8.2.3 Data for the Model

An important model-related attribute, a model's data requirements, can often represent major impediments to implementation. Chaiken reports in a study of urban model implementation successes and failures that the data need of a model is the most frequent model-based factor that led to failure of implementation. [CHAI 75]. One may have developed a highly efficient model, costing, say, just a few dollars per run on the computer; if, however, the cost of collecting data for the model runs in the thousands of dollars and requires months to complete, both the dollar and the time limits placed on the decision(s) at hand may be exceeded (see Figure 8.4). This factor is a highly relevant one to consider when thinking about degree of aggregation versus level of detail of a model.

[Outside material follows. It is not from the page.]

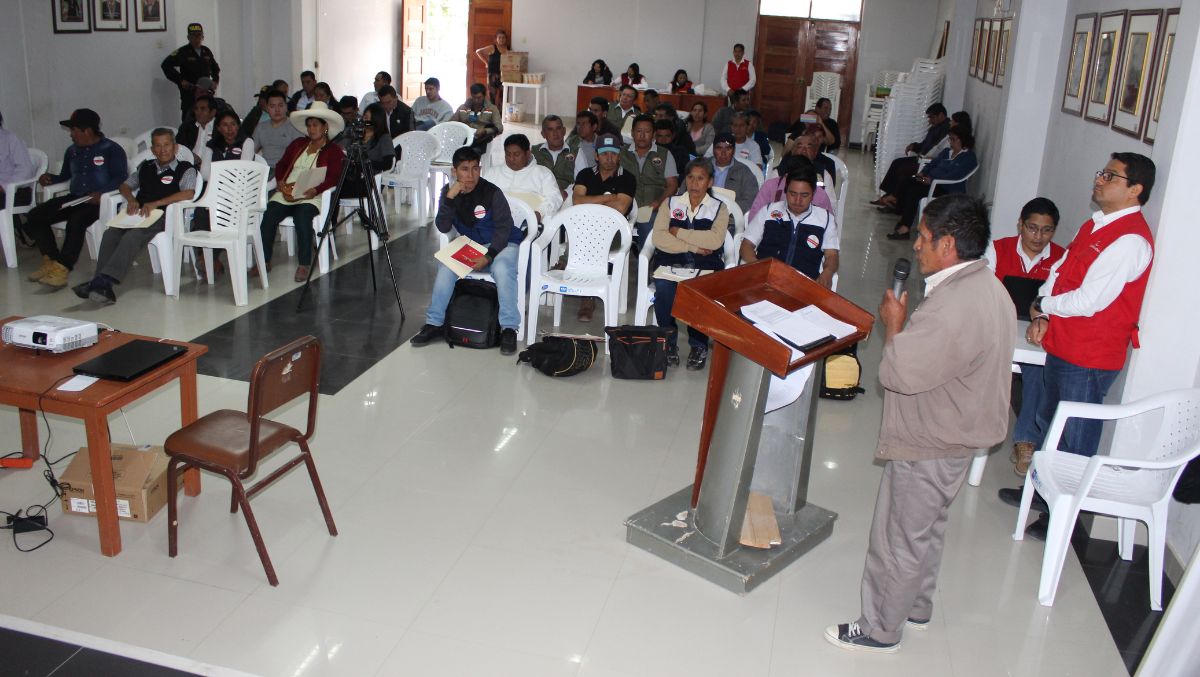 Piura.– La Contraloría General convoca a los representantes de la sociedad civil organizada y ciudadanos de la provincia de Huancabamba a presentar alertas y denuncias sobre el presunto uso inadecuado de bienes y recursos públicos en las municipalidades y otras entidades del Estado, durante la Audiencia Pública Presencial “La Contraloría te escucha”.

It has been our experience that for a given model, two very similar cities can incur very dissimilar data collection costs. Critical factors affecting data collection include an agency's former record keeping, both in terms of contents and of accuracy; the need for pilot data-collection efforts for new types of data; the number and types of personnel available to carry out data collection; and the amount and type of computer services required. Most often, accurate computer-encoded records also provide the least expensive and most timely data inputs. Boston's Department of Health and Hospitals has little trouble providing data for its hypercube model, since most required data are generated routinely by an on-line computer-aided dispatch (CAD) system.